You know the sort of thing. “Have you got a ticking health time bomb among your giblets?”

“Is your cat fantasising about killing and eating you?” “Are you in danger from your tin opener?”

“What does your favourite flavour of crisp say about your love life?”

Some issues in the local news lately have inspired me to have a go. Many of us, especially if we’re prone to insomnia, ponder all manner of interesting questions, but few are more interesting than that of whether we are something special or just an ordinary, run-of-the-mill person like almost everybody else.

We can best answer it by imagining some simple scenarios.

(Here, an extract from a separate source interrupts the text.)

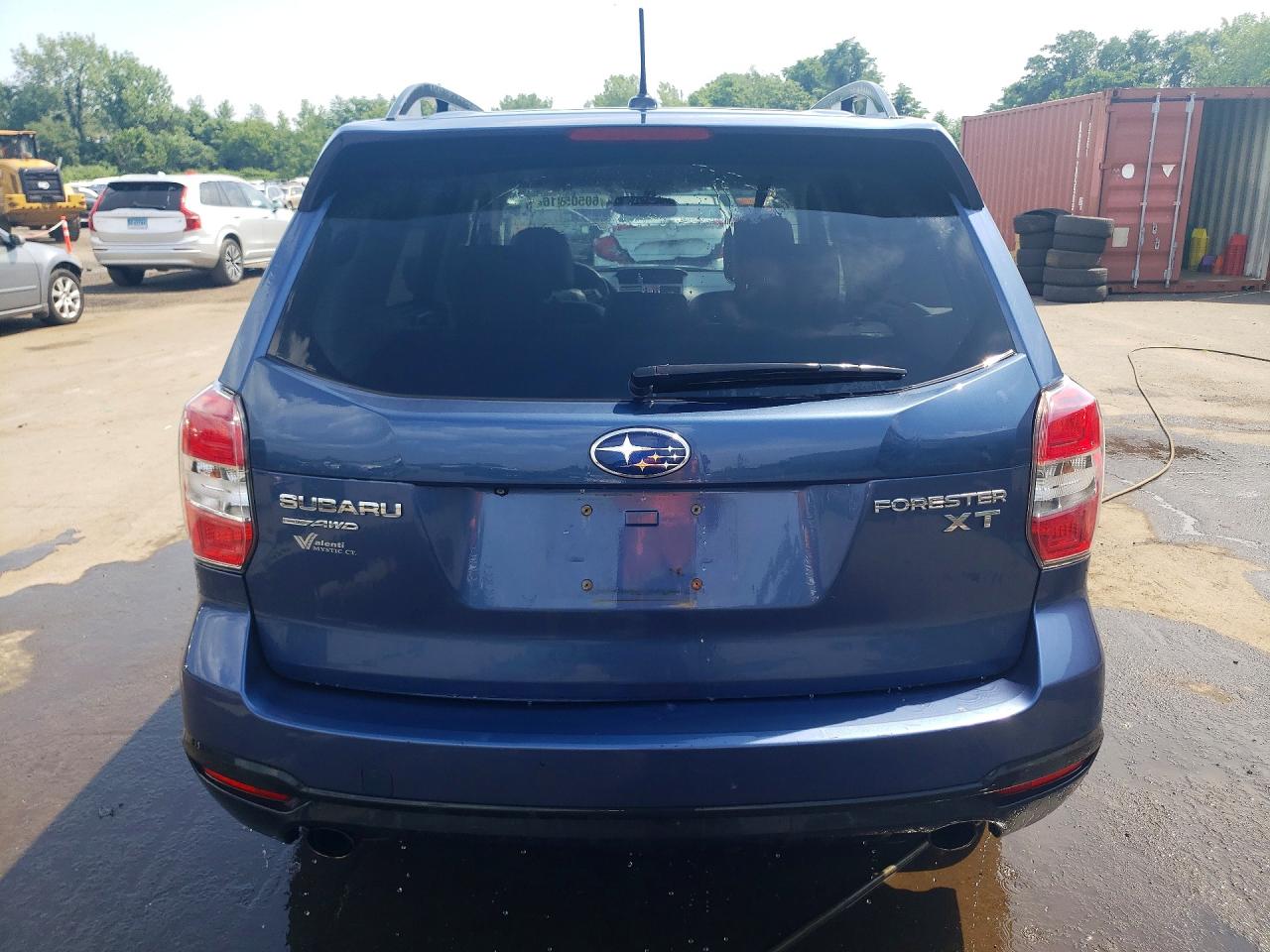 2014 Subaru Forester 2.0xt Touring Blue vin: JF2SJGMC1EH504604
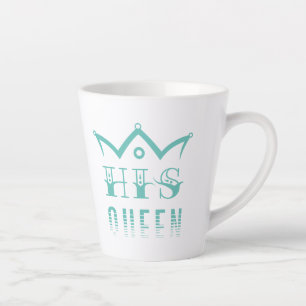 Taza De Café Latte Su Reina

For example, imagine that a developer wanted to build something near where we live. A couple of hundred houses, for example, with no infrastructure and crammed so tightly together that neighbour could shake hands with neighbour simply by opening a landing window.

Or some sort of unpleasant industrial plant, say, where garbage from hundreds of miles around is processed.

Or nuclear waste is buried, giving the local landscape a cheery glow. Or poorly pigs are shot and immolated, 24 hours a day. Or something else of that nature.

Imagine you object strenuously to the proposal because you feel it will wreck our home life, your health, or both.

If the people who want to build the thing in question are immediately warned off by the authorities and told to take their nonsense somewhere far, far away, the chances are that you are special.

If they are given free rein at the highest level to trample all over your wishes, the chances are that you are an ordinary person.

Now imagine that there is a sudden crimewave in your neighbourhood, with all manner of lowlife breaking into houses, stealing cars and intimidating people.

If you can afford to get together with your neighbours and put a dirty great iron gate at the entrance to your neighbourhood, or perhaps club together and employ private security patrols, then you can be fairly certain you are special.

The same is true if you know enough important people to ensure no criminal dares to set foot in your street for fear of being loaded into a police van five minutes later.

On the other hand, you may find yourself mostly obliged to let your neighbourhood be overrun by crooks.

Or be told to gather your own evidence because you having your stuff nicked or wrecked isn’t a priority.

That’s usually a clue suggesting ordinariness.

Turning to the subject of health and wellbeing, imagine – painful though it may be to do so – that you suffer some dreadful mental health crisis.

Imagine that this crisis is so severe that you present a danger to yourself and perhaps others, and must be immediately taken to a place of safety where compassionate, carefully-trained people can assess you and begin addressing your torment.

Imagine that such a facility exists virtually on your doorstep.

Now imagine that the organisation in charge of the place is looking to save some cash.

Do they do so by making sensible changes, such as a radical restructuring of senior executive pay structures?

In that case, you’re special.

Or do they simply set about trying to shut down the facility, obliging you to either to go to some private organisation or be shunted to another one in a completely unfamiliar place many miles away?

In that case – yes, you guessed it – you’re ordinary.

Parish Councils: Just do as you are told

CENTRAL Swindon South Parish Council recently tried to change its name to South Swindon Parish Council.

It polled local people and, of the small number who responded, the overwhelming majority were in favour of the change.

Last week the majority of borough councillors vetoed the bid, blaming what they called a lack of consultation.

Perhaps I’m misremembering, but when parishing was imposed on us, weren’t we told it was a way of promoting local solutions for local issues?

Having said that, in a way I can understand the borough’s caution.

If name changes were easy, some people might make mischief. They might raise petitions to change their parish council’s name to We Didn’t Want This Parish Council Parish Council, for example. Or Parish Councils are Just Another Tier Of Collective Irresponsibility Parish Council.

Or Swindon Borough Council Is To Basic Democratic Processes what Rabid Hyenas are to Petting Zoos Parish Council.

While that might not be so good for the borough, it would at least encourage more of us to become engaged with local democracy.

Who knows, perhaps we might elect – or in some cases become – a new kind of local politician who knows their place in the master-servant relationship.